Great Bricett Priory was a medieval monastic house in Great Bricett in Suffolk, England, the chapel of which is now in use as the Church of England parish church of St Mary and St Lawrence.

== History ==
The Augustinian priory was founded between 1114 and 1119, as a dependency of Saint-Léonard-de-Noblat. The founders, Ralph and Emma FitzBrian, endowed the priory with the tithes of Bricett and of 'Losa' with its chapel, a moiety of the church of 'Stepla,' (Steeple in Essex) and the associated church of Stangate, Essex, in addition to various plots of land in the vicinity. The founder also gave to the canons a large garden on the south of the monastery and a smaller one on the east, and he ordained that whenever he was in Suffolk the canons were to act as his chaplains and to receive a tithe of his bread and beer.

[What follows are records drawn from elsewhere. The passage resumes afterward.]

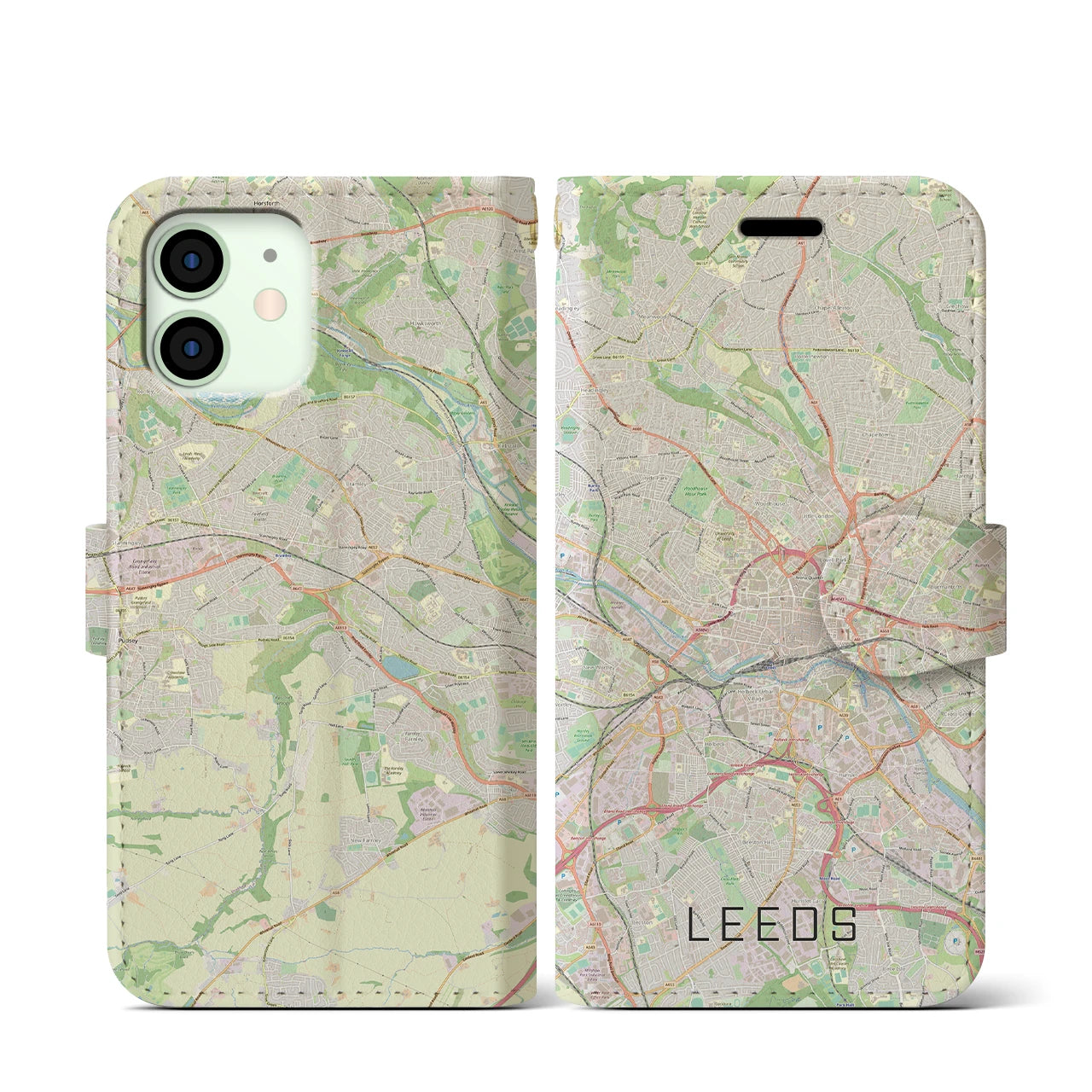 【リーズ(イギリス)】地図柄iPhoneケース(手帳タイプ)ナチュラル・iPhone 12 mini 用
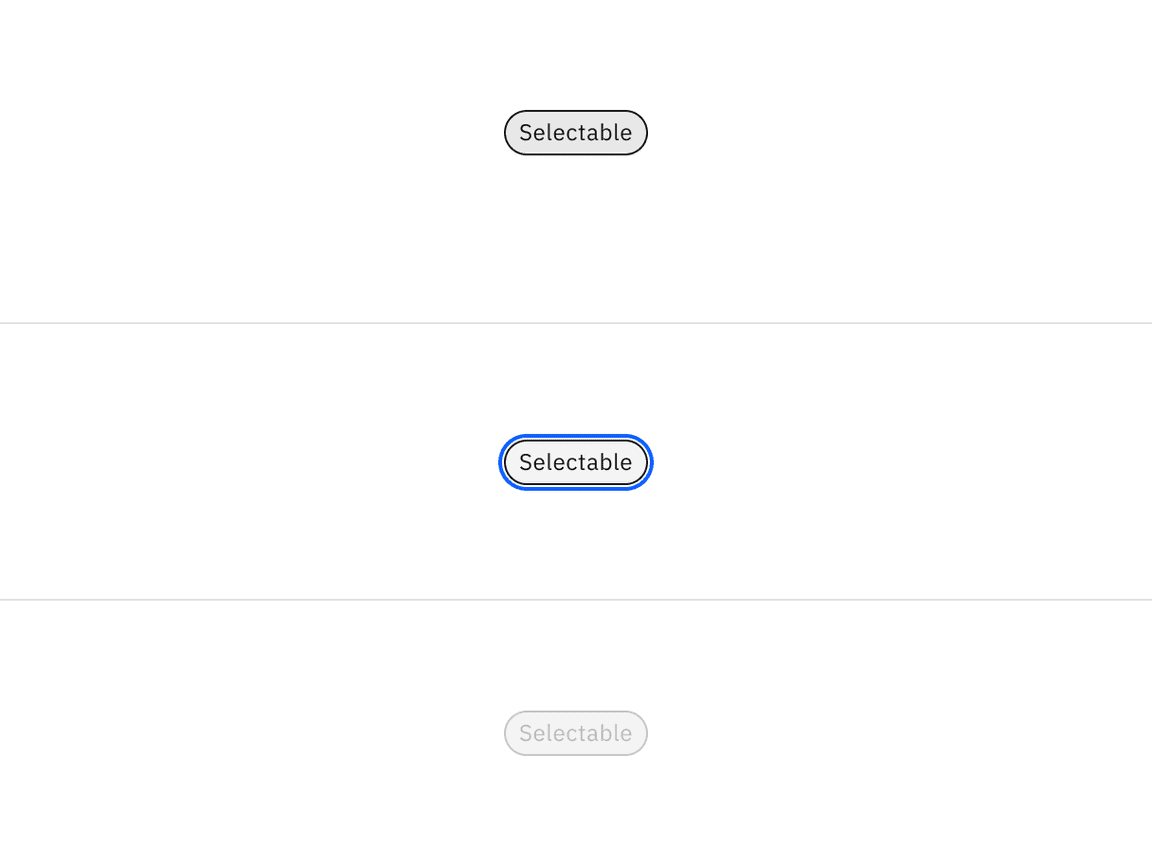 Selectable tag interactive colors. Selectable tag interactive colors.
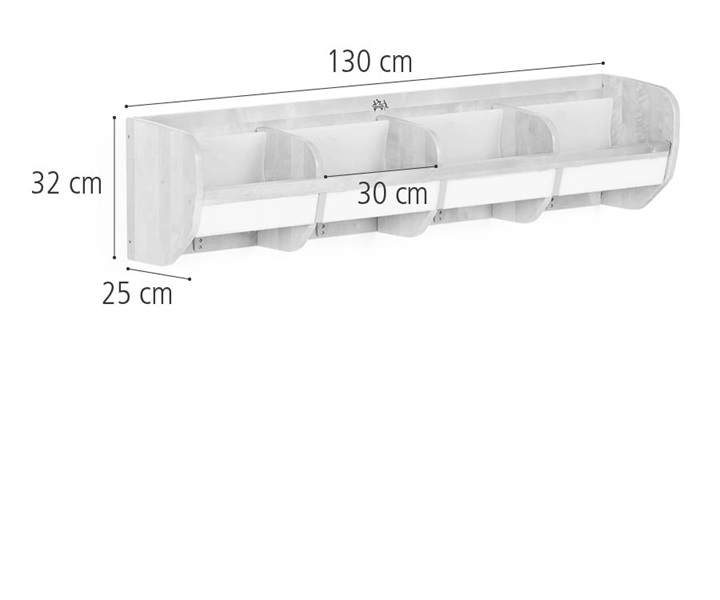Dimensions of Premium wall cubbies with hooks 4, 130 cm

The priory of Bricett was claimed, early in the thirteenth century, as pertaining to the monastery of Nobiliac, in the diocese of Limoges and the Duchy of Berry. This claim was resisted, but in 1295 an agreement was arrived at favourable to the foreign house, whereby Bricett became an alien priory; this composition was renewed and confirmed by the Bishop of Norwich in the chapter house of Bricett, on 16 July 1310. In a long list of royal protections to religious houses in 1295, in return for bestowing on the king a tithe of their income, the priory of Bricett is described as a cell to the priory of 'Noblac in Lymoche's'.

In 1325 Thomas Durant and Margaret his wife obtained licence to enfeoff John de Bohun of a fourth part of the manor of Great Bricett, together with the advowson of the priory of St Leonard of the same town.

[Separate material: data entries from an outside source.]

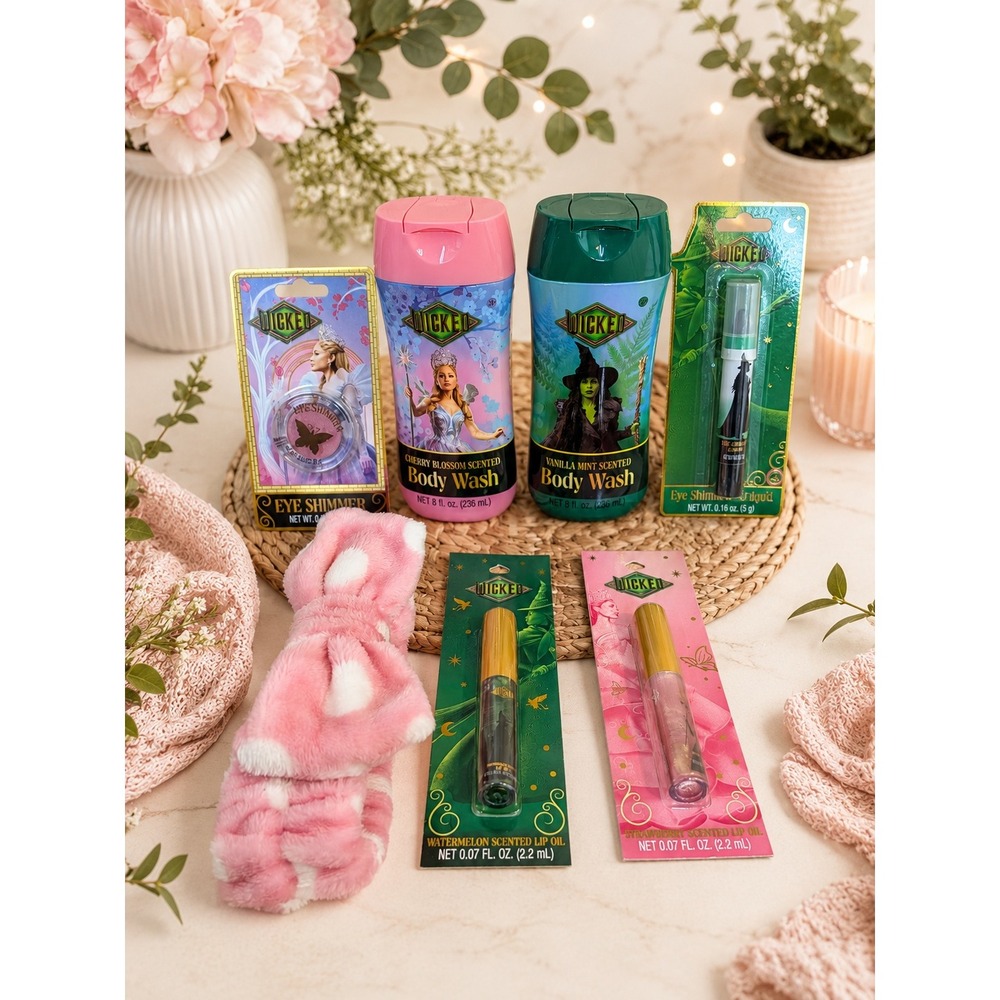 Wicked Beauty Bundle - Body Wash, Lip Gloss Oil, Eye Shimmer 7 PC Makeup Lot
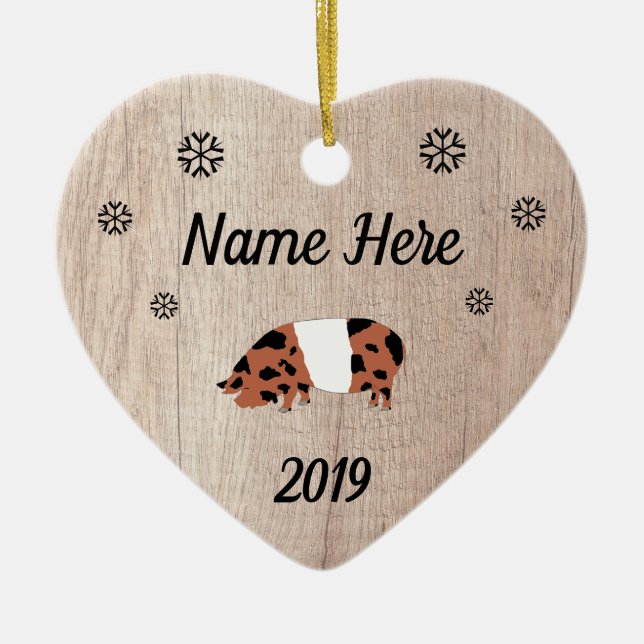 Customised Rustic KuneKune Pig Ceramic Tree Decoration (Front)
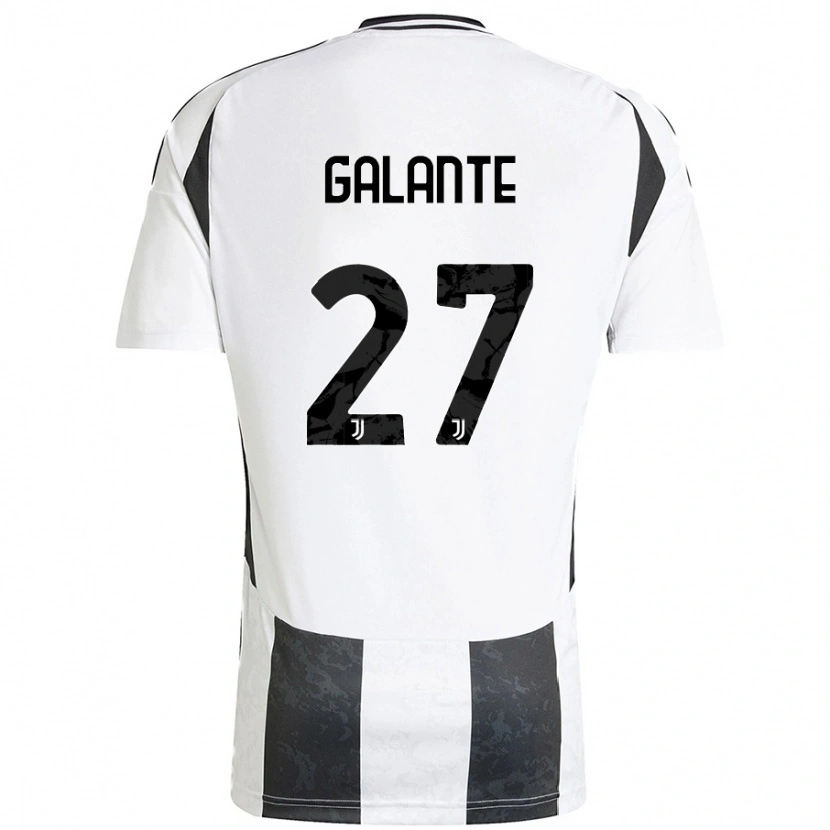 Danxen Mujer Camiseta Tommaso Galante #27 Blanco Negro 1ª Equipación 2024/25 La Camisa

Licence was granted in 1331 for the alienation by Thomas le Archer, rector of nearby Elmsett, and Richard his brother, to the prior and canons of Bricett of three parts of the manor of Great Bricett, of the yearly value of £7. The fourth part of the manor of Great Bricett of the annual value of 36s. 8d. was assigned to the priory in 1346 by Richard Hacoun and Anne his wife. In the same year John Bardoun and Isabel his wife released to the prior and canons of St Leonard's all their right and claim in the manor of Great Bricett.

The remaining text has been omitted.